Star Trek: TNG Season 4 “Half a Life” and “The Host”

"Don't ruin this for me, Lwaxana. I want to be in a halfway decent episode."

“Don’t ruin this for me, Lwaxana. I want to be in a halfway decent episode.”

I’m going through “Star Trek: The Next Generation” and reviewing every episode, complete with commentary and a grade from A-F. I’ve also included a score and comment from my wife, who has never seen the show before. There are SPOILERS for each episode below.

“Half a Life”

Plot

The Enterprise is to help the people of Kaelon II try to rejuvenate their sun and so continue surviving. Dr. Timicin, a leading scientist from the reclusive people, comes aboard. As he conducts experiments, Lwaxana Troi, aboard for other reasons, quickly falls for him (and he for her). However, after the experiment ultimately fails, Dr. Timicin is recalled. It turns out he is to die, because he has reached the traditional age at which the people of Kaelon II euthanize the eldest generation. After seeking asylum, Dr. Timicin is ultimately convinced by his daughter (and others) to return home, despite not having finished his life’s work. Lwaxana Troi disagrees with the custom but utlimately returns with him.

Commentary

The first line of this episode is from Deanna Troi and ends with: “My mother is on board.” It is at this point I knew this episode would probaby be super hard to watch. But honestly, the shortcomings (i.e. the continued existence of Lwaxana Troi) are in part overcome by the episode itself.

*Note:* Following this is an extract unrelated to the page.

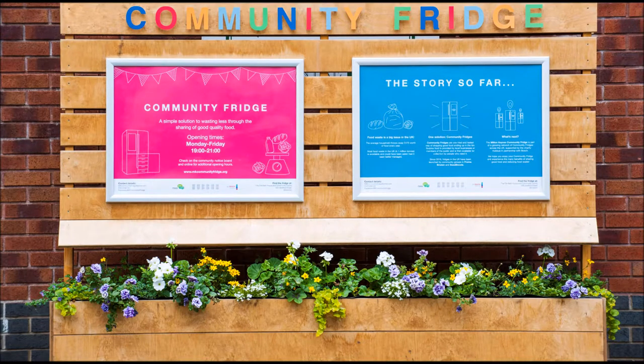Fridges stocked with fresh leftover food from households and businesses are being opened across the UK. The community fridge scheme was piloted in Swadlincote in Derbyshire last year and is now being set up in 30 new locations. Tessa Trix is from Hubbub, one of the organisations behind the new network.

The problem is that this is the kind of story which the writers apparently think is the only possible one for Lwaxana Troi–a parade of failed love interests. I caught myself thinking: Oh look, Lwaxana Troi throws herself at another man and something causes an epic failure in the relationship. 

Yeah, big surprise right? It’s unfortunate because if the previous episodes with the elder Troi had been able to establish any kind of decent rapport with her character as opposed to being utter drivel, it would be easier to sympathize with her and perhaps overlook the rehash of her story.

The main plot, however, is intriguing enough to cover some of the sins of the character. Indeed, Troi looks downright gracious when she finally gives in and goes down to the planet alongside her latest love interest in an act of solidarity. The episode really ends up being an intriguing look at the topic of euthanasia and the ethical quagmire that can be brought up around it. Dr. Timicin is a decent guest character with a pretty solid backstory and enough rapport with viewers to make us care what happens to him.

And heck, making Lwaxana Troi somewhat more likeable is an epic feat on its own. Not a great episode, but amazingly not terrible. The best moment: Picard trying to slowly worm his way around to avoid Lwaxana at the beginning of the episode, only to be caught. Hilarious!

Grade: B- “Performs a miracle: It makes Lwaxana Troi slightly less atrocious.”

Wife’s Grade and Comment: B “It dealt with some difficult issues but overall was not super exciting.”

“The Host”

Plot

An ambassador the Enterprise is shuttling around, Odan, has hit it off with Dr. Crusher. However, when a militant faction causes an injury, it turns out that the body that Crusher had known was merely the host for a parasite that was the real intellect behind the man. They implant the Trill parasite in Riker for the negotiations, which leads to much akwardness as Riker’s body is guided by Odan’s mind and still loves Crusher. The negotiations succeed, and Odan gets a new host–a woman! Crusher can’t handle the craziness of changing bodies and the two depart on friendly terms.

Commentary

It seems we again tread familiar ground with a female character. Haven’t we seen Beverly Crusher get swept away by some random guy before? Well kind of. But parts of this episode seem to also mirror Deanna Troi in episodes like “The Price.” Here, it is Troi giving Crusher knowing looks and random insights about being in love. It’s almost like it’s the same dialogue/scenes just with the characters reversed. Very strange.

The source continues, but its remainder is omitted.